» **Task statement**: Each entry should be printed exactly, with its images omitted.

Scraped caption text data
::::::::
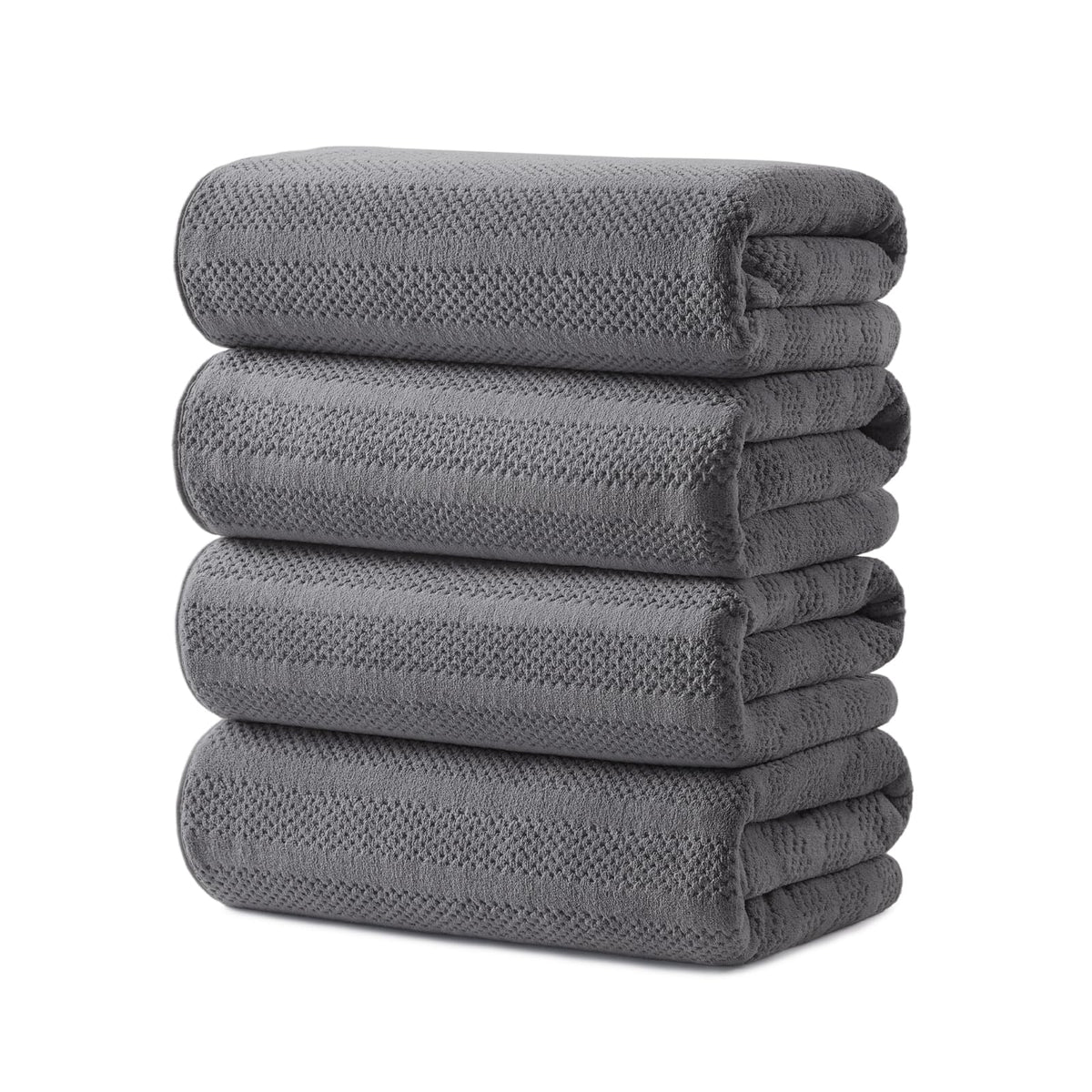 ecolook Microfiber Bath Towels Set of 4, 31 x 63 Inch Extra Large Bath Towel Set, Super Soft & Highly Absorbent, Quick Dry Lightweight Towels for Bathroom, Gym, Spa, Pool & Travel, Gray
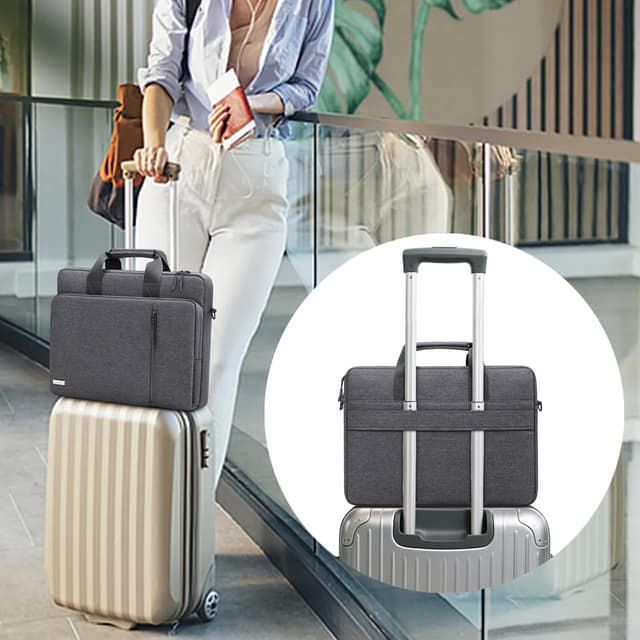 Detalle de TECOOL 15.6–16 inch Laptop Bag with 360° Protective 600D Waterproof Case (Dark Grey)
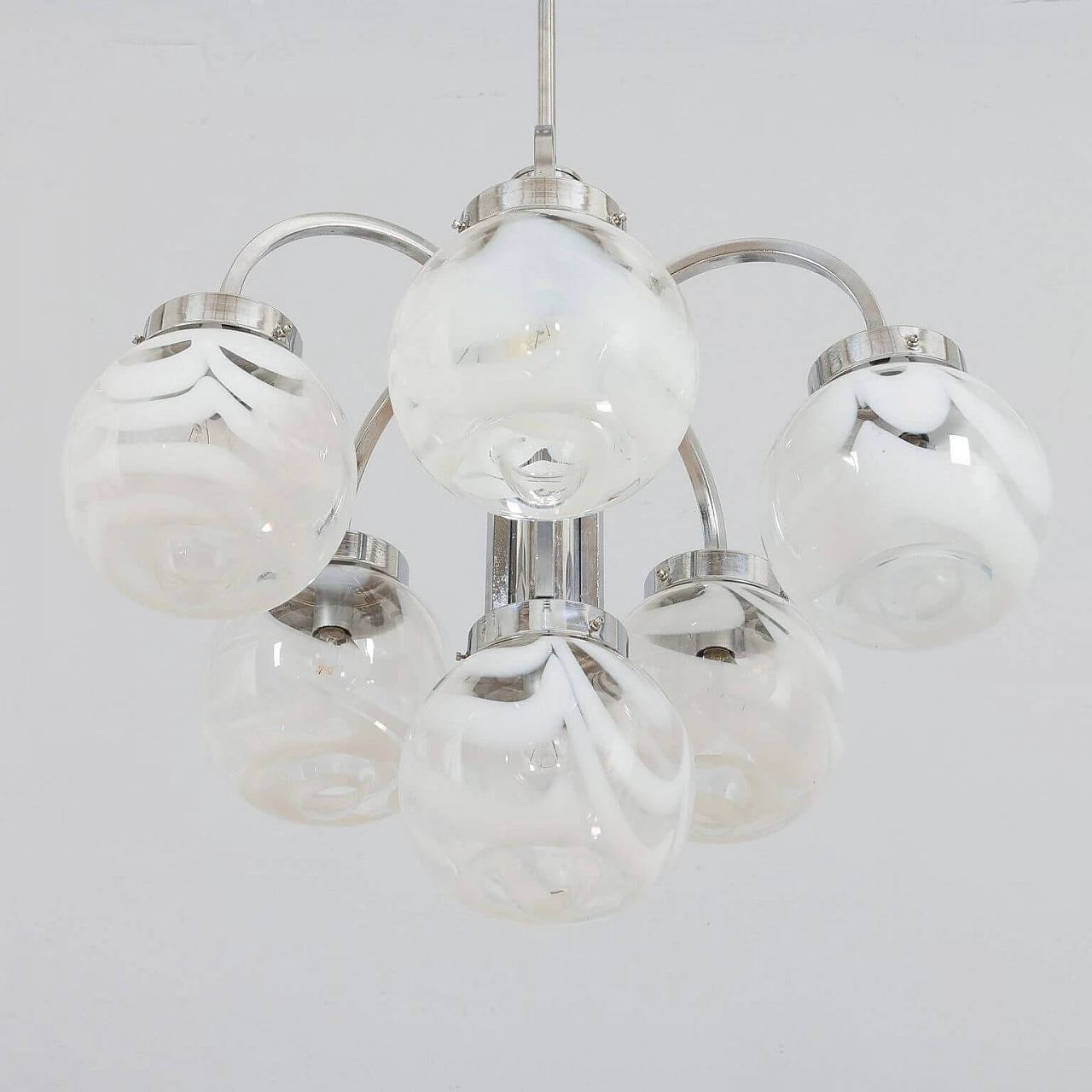 Chandelier in the style of Mazzega in two color Murano glass shades and chrome-plated steel, 70s 1360500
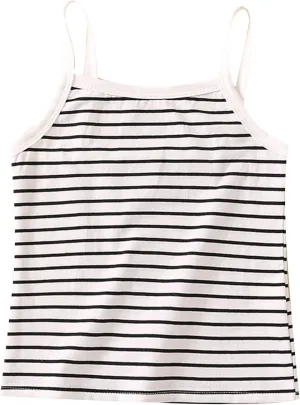Kids Girls Striped Camisoles Sleeveless Vest Cotton Spaghetti Strap Tank Top Sports Clothing Comfort Clever Girl T Shirt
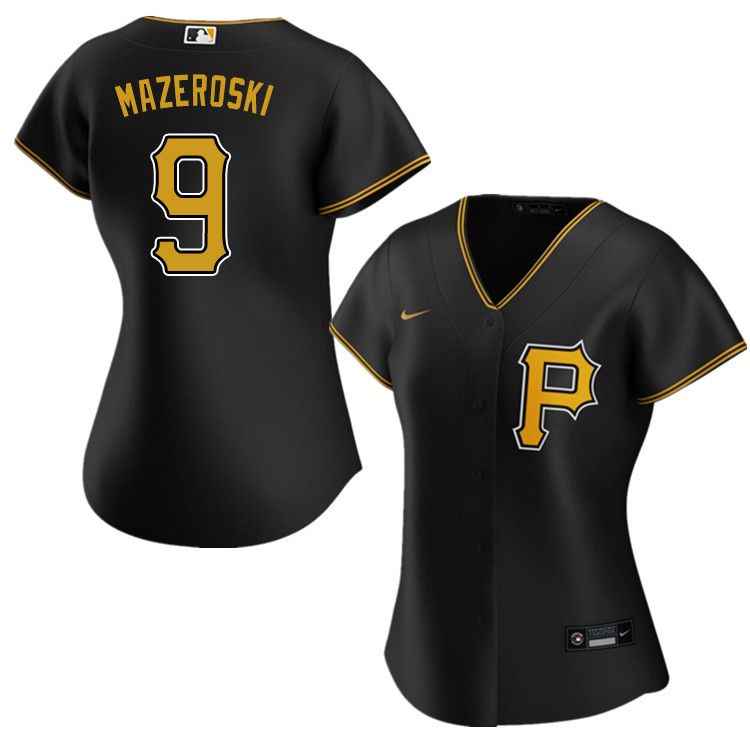 Nike Women #9 Bill Mazeroski Pittsburgh Pirates Baseball Jerseys Sale-Black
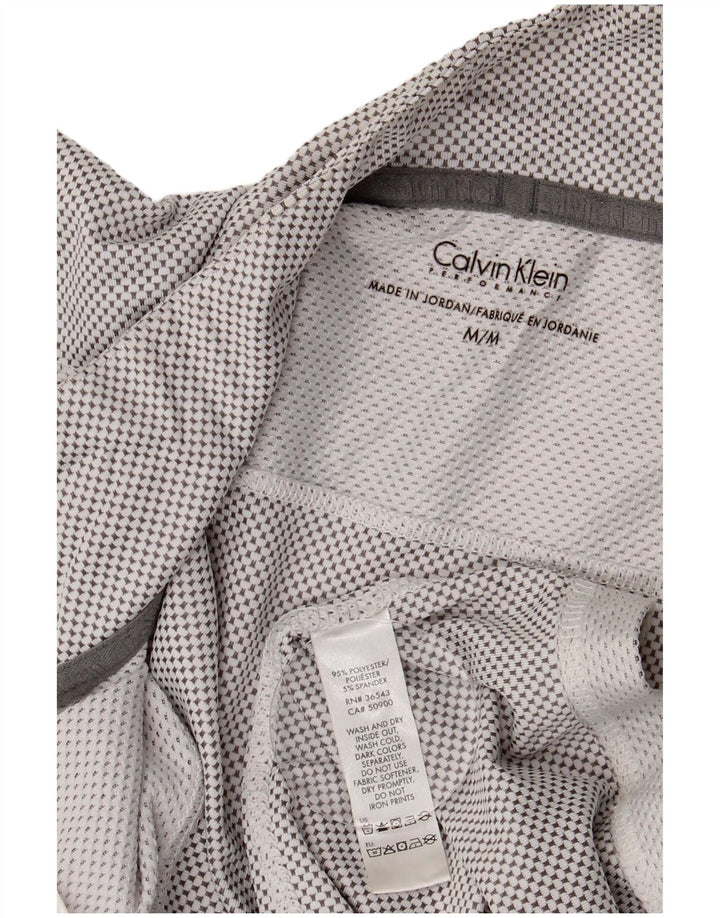 CALVIN KLEIN Top pentru trening pentru bărbați, cu fermoar, cu gât, pete, gri mediu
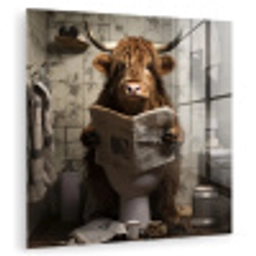 Schotse hooglander - Toilet - Krant - Badkamer plexiglas 5mm klein -zzzproduct_nieuw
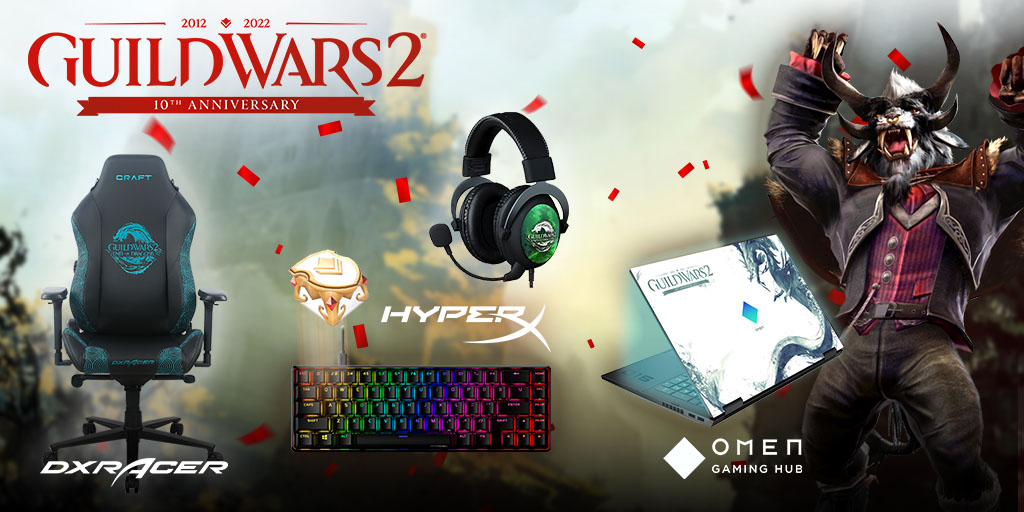 GuildWars2_DE's tweet photo. Nur noch heute: Gemeinsam mit @OMENbyHP @DXRacer @HyperX feiern wir #TenYearsOfGW2 mit tollen Preisen! Schaut auf https://t.co/XYWchya4qP vorbei, wenn ihr die letzte Chance auf einen Gewinn nutzen wollt. https://t.co/G3EVbep0cB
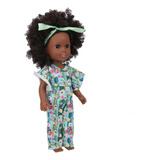 Girl Doll Black Skin Curly Hair Simulation African Baby Kid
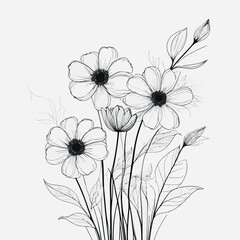 Flowers vector black line
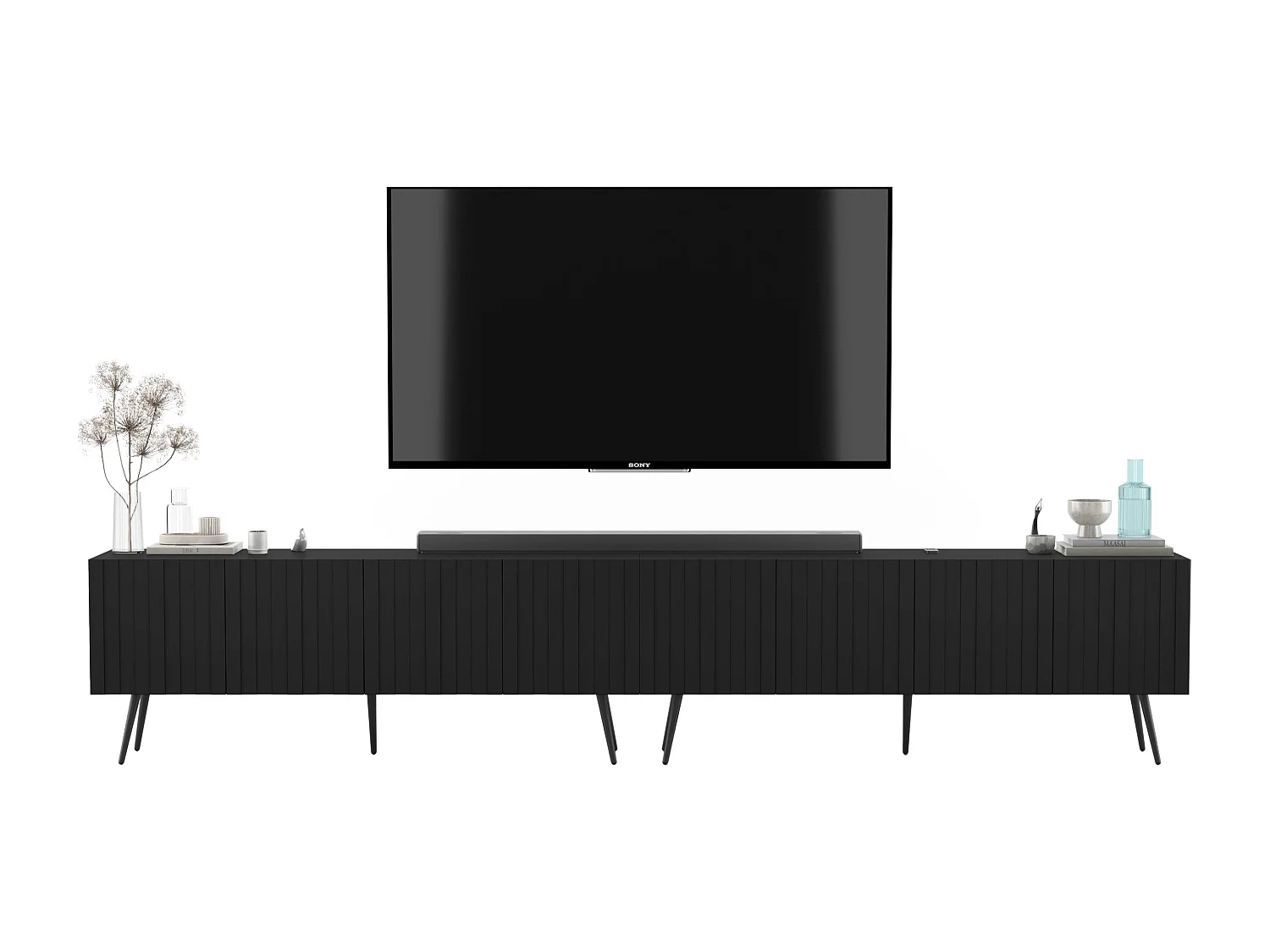 Meuble TV avec 8 portes - Corps Noir mat, façades rainurées Noir mat - 300 cm, pieds noirs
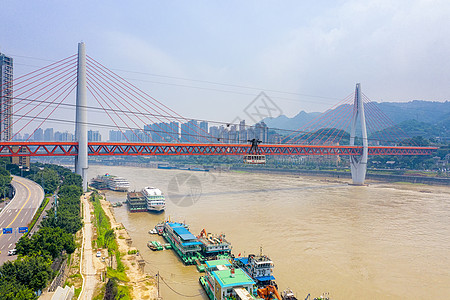 航拍网红城市重庆长江大桥江景跨江索道背景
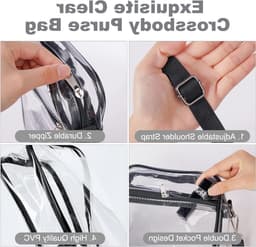 Duidelijke Crossbody Tas voor Evenementen, Geschikt voor Stadion, Verstelbare Schouderriem, Ideaal voor Concerten en Sportactiviteiten — thumbnail 3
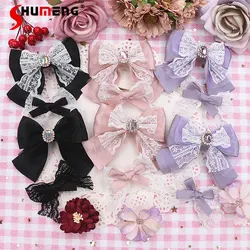 Japanese Style Sweet Soft Girl Side Clips Lace Edge Rhinestone Bow 3 Layers Barrettes Cute Hairwear Handmade Hair Accessories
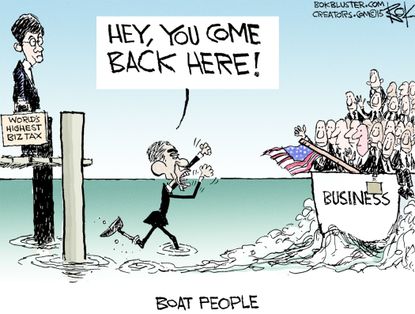 Obama Cartoon U.S. Business Tax 2016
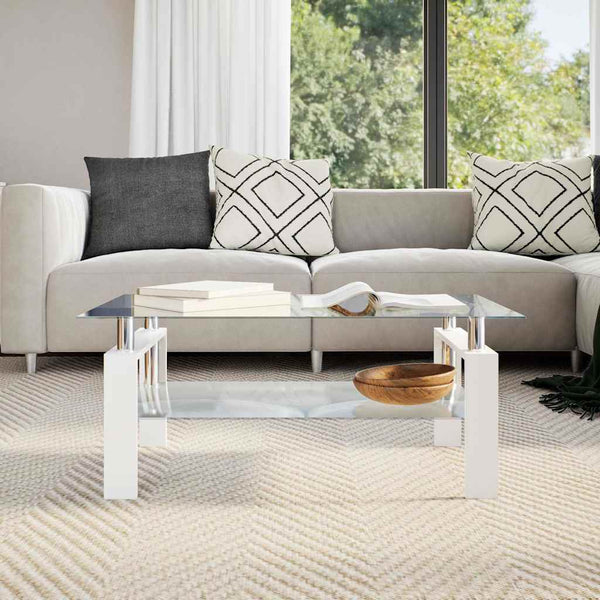 vidaXL Coffee Table White Transparent 95x55x40 cm Tempered Glass
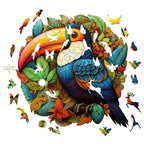 Whimsical Wooden Jigsaw Puzzle-striking toucans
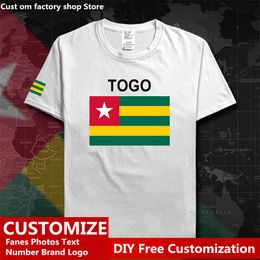 Togo Country Flag T shirt DIY Custom Jersey Fans Name Number Brand Cotton T shirts Men Women Loose Casual Sports T shirt 220614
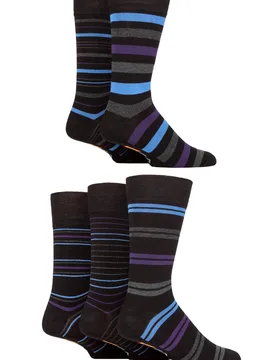 Mens 5 Pair Argyle, Patterned and Striped Bamboo Socks Black / Purple / Blue Stripe 6-11 Mens - Black - Size: 6-11 Mens - Farah - FashionsVida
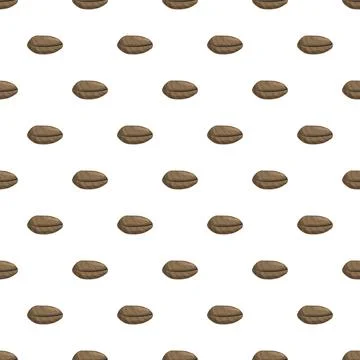 Coffee beans repeating pattern on white background Illustrazione stock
::::::::
» **Answer below**:
 ecolook Microfiber Bath Towels Set of 4, 31 x 63 Inch Extra Large Bath Towel Set, Super Soft & Highly Absorbent, Quick Dry Lightweight Towels for Bathroom, Gym, Spa, Pool & Travel, Gray
 Detalle de TECOOL 15.6–16 inch Laptop Bag with 360° Protective 600D Waterproof Case (Dark Grey)
 Chandelier in the style of Mazzega in two color Murano glass shades and chrome-plated steel, 70s 1360500
Kids Girls Striped Camisoles Sleeveless Vest Cotton Spaghetti Strap Tank Top Sports Clothing Comfort Clever Girl T Shirt
 Nike Women #9 Bill Mazeroski Pittsburgh Pirates Baseball Jerseys Sale-Black
 CALVIN KLEIN Top pentru trening pentru bărbați, cu fermoar, cu gât, pete, gri mediu
 Schotse hooglander - Toilet - Krant - Badkamer plexiglas 5mm klein -zzzproduct_nieuw
 GuildWars2_DE's tweet photo. Nur noch heute: Gemeinsam mit @OMENbyHP @DXRacer @HyperX feiern wir #TenYearsOfGW2 mit tollen Preisen! Schaut auf https://t.co/XYWchya4qP vorbei, wenn ihr die letzte Chance auf einen Gewinn nutzen wollt. https://t.co/G3EVbep0cB
 Girl Doll Black Skin Curly Hair Simulation African Baby Kid
 Flowers vector black line
 Meuble TV avec 8 portes - Corps Noir mat, façades rainurées Noir mat - 300 cm, pieds noirs
 航拍网红城市重庆长江大桥江景跨江索道背景
 Duidelijke Crossbody Tas voor Evenementen, Geschikt voor Stadion, Verstelbare Schouderriem, Ideaal voor Concerten en Sportactiviteiten — thumbnail 3
 Japanese Style Sweet Soft Girl Side Clips Lace Edge Rhinestone Bow 3 Layers Barrettes Cute Hairwear Handmade Hair Accessories
 Obama Cartoon U.S. Business Tax 2016
 vidaXL Coffee Table White Transparent 95x55x40 cm Tempered Glass
 Whimsical Wooden Jigsaw Puzzle-striking toucans
 Togo Country Flag T shirt DIY Custom Jersey Fans Name Number Brand Cotton T shirts Men Women Loose Casual Sports T shirt 220614
 Mens 5 Pair Argyle, Patterned and Striped Bamboo Socks Black / Purple / Blue Stripe 6-11 Mens - Black - Size: 6-11 Mens - Farah - FashionsVida
 Coffee beans repeating pattern on white background Illustrazione stock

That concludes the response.